▶ **DIRECTIONS**
Repeat, word for word and with nothing added, each line from the one containing "Close-up of HSF" to the final line of the data, keeping both ends. Pictures are not part of the copy.

BEGIN PROVIDED MATERIAL

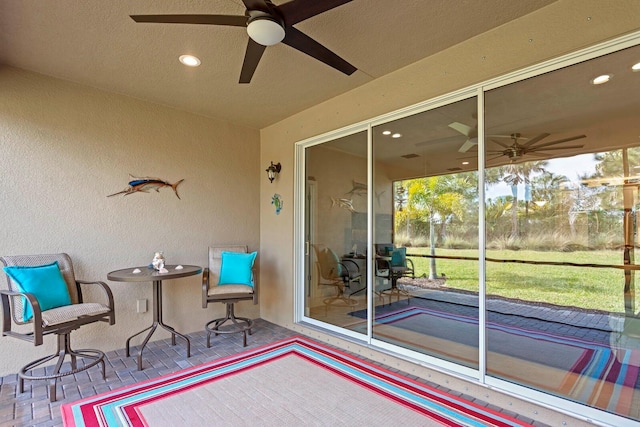 exterior space featuring ceiling fan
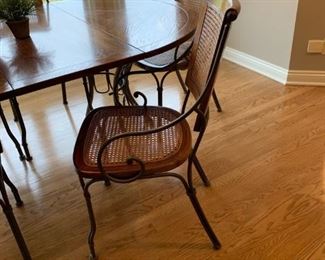 Oval Dining Room Table with Cast Iron Legs and Cane Back Chairs with Cast Iron Arms and Legs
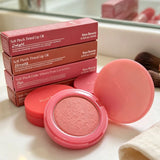 Close-up of HSF Marketplace matte lipstick and natural powder blusher, showcasing smooth application and portable makeup products.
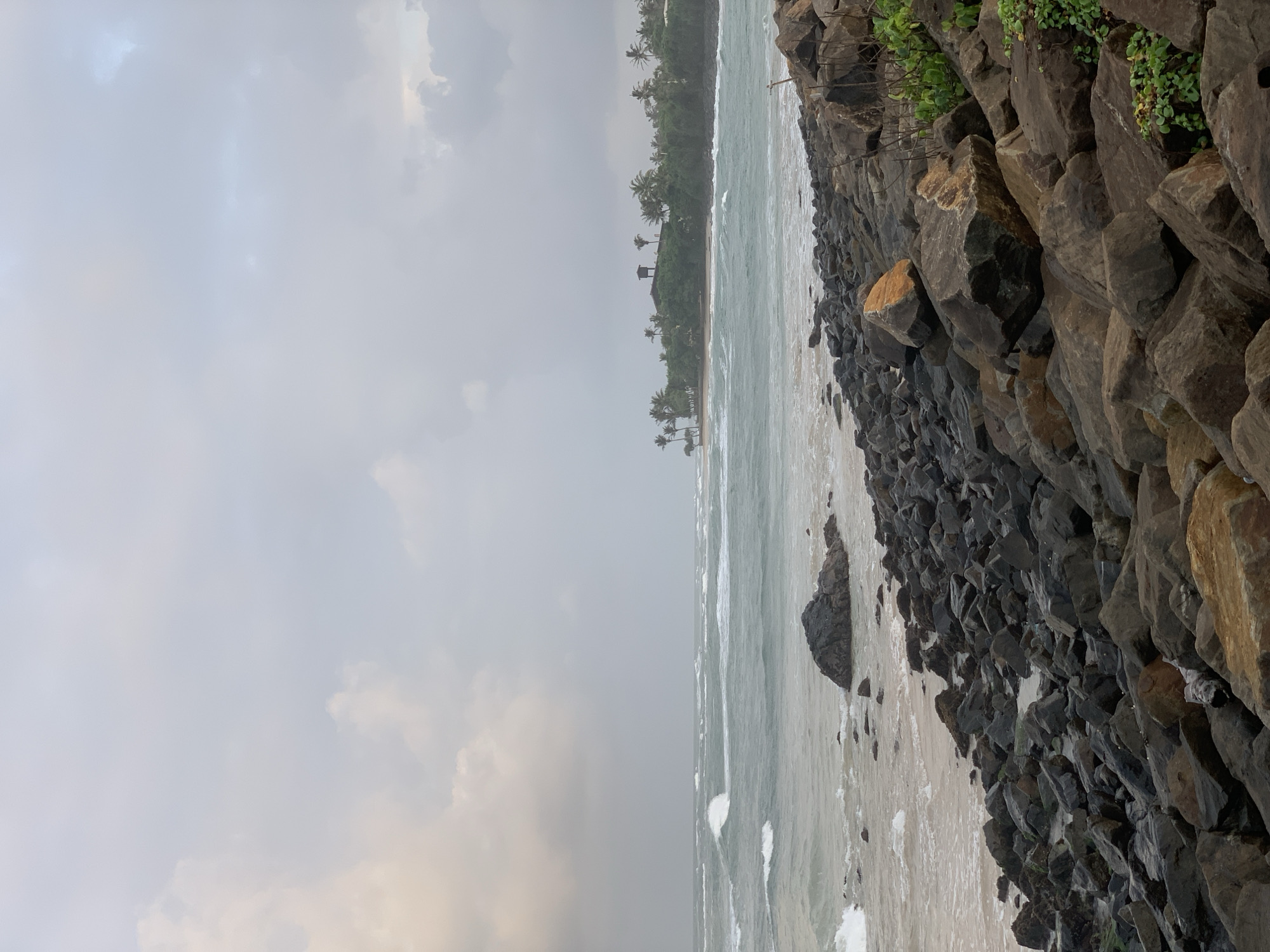 A stormy, overcast day at a rocky beach in Kathaluwa, Sri Lanka. The foreground is dominated by a dense collection of dark, jagged rocks, with a few larger, lighter-colored boulders interspersed. Beyond the rocks, a sandy shore meets the turbulent ocean. The sea is a muted teal color, with white-capped waves crashing against the shore and breaking further out. In the distance, a lush green peninsula juts out into the water, dotted with palm trees and a small, elevated structure resembling a watchtower. The sky is a uniform gray, with hints of pale yellow and pink near the horizon, suggesting either dawn or dusk. There are no people visible in the image.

END PROVIDED MATERIAL

▶ **EXPECTED OUTPUT**
 Close-up of HSF Marketplace matte lipstick and natural powder blusher, showcasing smooth application and portable makeup products.
 A stormy, overcast day at a rocky beach in Kathaluwa, Sri Lanka. The foreground is dominated by a dense collection of dark, jagged rocks, with a few larger, lighter-colored boulders interspersed. Beyond the rocks, a sandy shore meets the turbulent ocean. The sea is a muted teal color, with white-capped waves crashing against the shore and breaking further out. In the distance, a lush green peninsula juts out into the water, dotted with palm trees and a small, elevated structure resembling a watchtower. The sky is a uniform gray, with hints of pale yellow and pink near the horizon, suggesting either dawn or dusk. There are no people visible in the image.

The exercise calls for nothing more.